BLAS Level 3
BLAS Level 3 are $\mathcal{O}(N^3)$ operators, and finally compute bound creating many opportunities to optimize operand reuse.
In addition to matrix-matrix multiply there are the Rank-k update operators, which are outer-products and matrix additions.

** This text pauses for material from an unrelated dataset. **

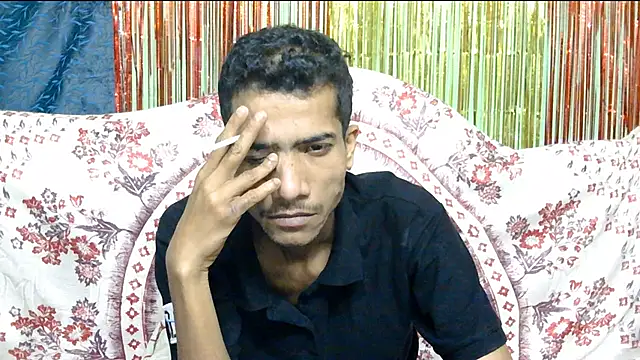 Alex Suman25 online show from February 10, 9:58 pm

Here is a Hermitian Rank-k update:
$$ C = \alpha A A^T + \beta C, \space where \space C \space is \space Hermitian. $$A Hermitian matrix is defined as a matrix that is equal to its Hermitian conjugate. In other words, the matrix $C$ is Hermitian if and only if $C = C^H$. Obviously a Hermitian matrix must be square. Hermitian matrices can be understood as the complex extension of real symmetric matrices.
Matrix-matrix multiply
We have seen this algorithm in the introduction:
compute ( (i,j,k) | 1 <= i,j,k <= N ) {
a: a[i,j-1,k]
b: b[i-1,j,k]
c: c[i,j,k-1] + a[i,j-1,k] * b[i-1,j,k]
}
Hermitian Rank-k update
Starting from a single matrix, generating the transpose is a very expensive operator. For simplicity, let’s start with the computational phase $\alpha A A^T$.

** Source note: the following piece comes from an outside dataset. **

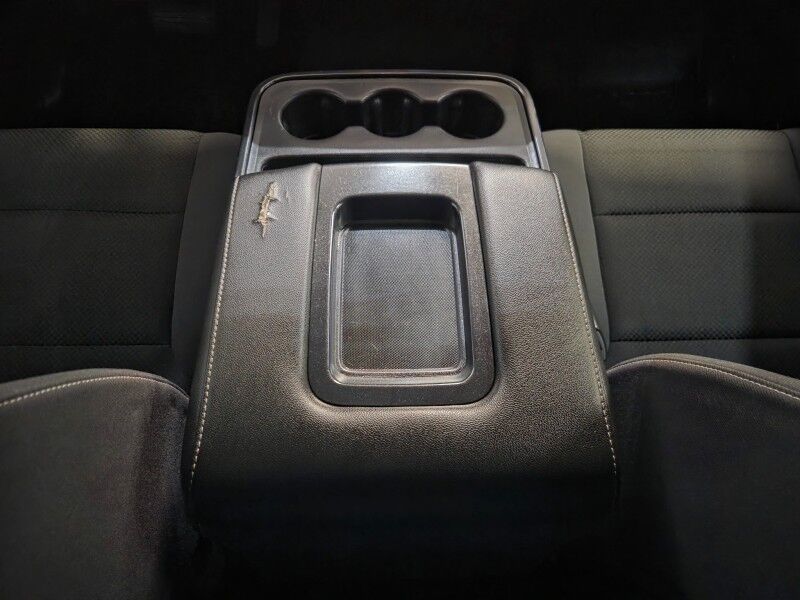 2016 Chevrolet Silverado 2500HD LT 4WD 6.0L V8 Vortec Touch Screen Backup Camera FREE WARRANTY Arlington TX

compute ( (i,j,k) | 1 <= i,j,k <= N ) {
a: a[i,j-1,k]
at: at[i-1,j,k]
if k = 1 {
c: beta[i,j,k-1] * c[i,j,k-1] + a[i,j-1,k] * b[i-1,j,k]
} else {
c: c[i,j,k-1] + a[i,j-1,k] * b[i-1,j,k]
}
}
Here we introduce a conditional constraint that impacts the domain of computation for a set of equations.